# Lowrance HDS-5 lake insight ?



## Chrome steel

I had just purchased this new Lowrance model with lake insight built in. It should be shipped to me within 5 days. I'm curious about what lakes are built into the unit? It states that it covers Continental us inland lakes and rivers along with great lakes. But how many are Michigan lakes? I know I can still build this unit with navionics but dose anyone know where I can view the lakes that are covered by lake insight? I had no luck on the web.

Also I had gotten a great deal on this product for $719.95 no tax/free shipping 
original price is $799.00 in stores
plus a $50.00 mailing rebate bringing the total price to $670.00


----------



## waterfoul

Well, you did get a steal on it, that's for sure. 

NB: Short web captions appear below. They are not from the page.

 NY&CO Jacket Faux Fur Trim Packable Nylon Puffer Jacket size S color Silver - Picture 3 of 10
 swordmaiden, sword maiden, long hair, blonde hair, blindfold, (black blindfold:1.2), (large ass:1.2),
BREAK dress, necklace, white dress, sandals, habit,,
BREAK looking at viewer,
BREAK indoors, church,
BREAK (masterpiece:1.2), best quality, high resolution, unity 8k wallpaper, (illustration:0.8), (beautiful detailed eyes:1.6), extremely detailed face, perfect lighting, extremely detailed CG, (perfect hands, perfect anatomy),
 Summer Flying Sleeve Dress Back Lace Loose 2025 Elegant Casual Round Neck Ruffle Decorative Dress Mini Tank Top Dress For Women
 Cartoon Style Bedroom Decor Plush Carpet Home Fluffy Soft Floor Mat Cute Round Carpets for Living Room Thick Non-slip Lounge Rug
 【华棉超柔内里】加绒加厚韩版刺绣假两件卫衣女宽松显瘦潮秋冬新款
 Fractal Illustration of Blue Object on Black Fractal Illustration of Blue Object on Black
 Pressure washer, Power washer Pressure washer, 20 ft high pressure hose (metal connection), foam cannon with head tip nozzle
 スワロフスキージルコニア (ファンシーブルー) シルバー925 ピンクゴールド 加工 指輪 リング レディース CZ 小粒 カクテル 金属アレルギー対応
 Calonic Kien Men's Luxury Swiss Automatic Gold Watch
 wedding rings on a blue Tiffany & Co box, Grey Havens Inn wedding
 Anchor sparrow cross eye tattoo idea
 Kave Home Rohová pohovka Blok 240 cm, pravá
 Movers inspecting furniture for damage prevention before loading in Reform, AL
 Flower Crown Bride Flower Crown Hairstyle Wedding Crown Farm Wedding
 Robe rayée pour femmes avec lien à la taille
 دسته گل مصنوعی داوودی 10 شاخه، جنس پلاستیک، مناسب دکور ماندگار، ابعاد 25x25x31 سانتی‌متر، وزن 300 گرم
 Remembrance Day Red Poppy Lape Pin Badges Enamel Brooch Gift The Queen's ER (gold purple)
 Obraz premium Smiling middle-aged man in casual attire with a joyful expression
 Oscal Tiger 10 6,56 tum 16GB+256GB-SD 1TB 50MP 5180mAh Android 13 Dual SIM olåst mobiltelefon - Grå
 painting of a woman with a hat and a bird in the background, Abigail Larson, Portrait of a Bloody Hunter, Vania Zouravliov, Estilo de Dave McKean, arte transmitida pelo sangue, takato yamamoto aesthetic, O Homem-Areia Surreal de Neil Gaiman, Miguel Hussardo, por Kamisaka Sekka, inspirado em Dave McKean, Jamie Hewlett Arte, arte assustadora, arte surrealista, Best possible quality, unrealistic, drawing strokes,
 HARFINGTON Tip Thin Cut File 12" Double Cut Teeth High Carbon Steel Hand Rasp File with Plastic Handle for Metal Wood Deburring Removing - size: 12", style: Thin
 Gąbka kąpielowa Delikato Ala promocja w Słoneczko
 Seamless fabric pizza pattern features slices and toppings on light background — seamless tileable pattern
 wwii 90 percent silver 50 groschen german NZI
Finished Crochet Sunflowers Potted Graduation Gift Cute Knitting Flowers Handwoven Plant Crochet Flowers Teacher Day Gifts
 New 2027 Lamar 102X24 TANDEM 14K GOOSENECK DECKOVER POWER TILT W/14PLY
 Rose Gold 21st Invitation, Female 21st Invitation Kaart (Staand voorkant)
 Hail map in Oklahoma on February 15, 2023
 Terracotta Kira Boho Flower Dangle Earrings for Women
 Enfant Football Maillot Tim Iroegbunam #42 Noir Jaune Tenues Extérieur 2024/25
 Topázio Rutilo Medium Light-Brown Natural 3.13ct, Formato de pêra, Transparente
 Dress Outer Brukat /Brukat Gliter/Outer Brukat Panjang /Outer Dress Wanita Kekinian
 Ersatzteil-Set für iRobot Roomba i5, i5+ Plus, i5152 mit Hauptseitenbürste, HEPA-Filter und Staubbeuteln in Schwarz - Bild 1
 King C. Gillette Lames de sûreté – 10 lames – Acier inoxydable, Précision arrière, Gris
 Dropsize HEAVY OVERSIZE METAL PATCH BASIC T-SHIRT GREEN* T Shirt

Shoot an email to Lowrance or give them a call.


----------



## L Carr

Just a quick update:
According to a recent Lowrance service bulletin, the HDS units will have a software patch available from the Lowrance web site on May 15 that will alllow full Navionics products compatibility. Until that time, bear with us.

According to my conversation with a Lowrance exec last week at a training session, there is no lake list yet avialable for the Lake Insight lakes but it is being worked on as we speak.

Larry Carr
Navionics Inc
Westerville OH


----------



## Chrome steel

You know I have been trying to ask about the sonar fish alarm thats supposed to be on unit but isn't. I want an up date for it is this possible? look here at specifications it says it has sonar fish,max and min depth still none

http://www.lowrance.com/en/Products...-5-FishfinderGPS-Chartplotter/Specifications/


----------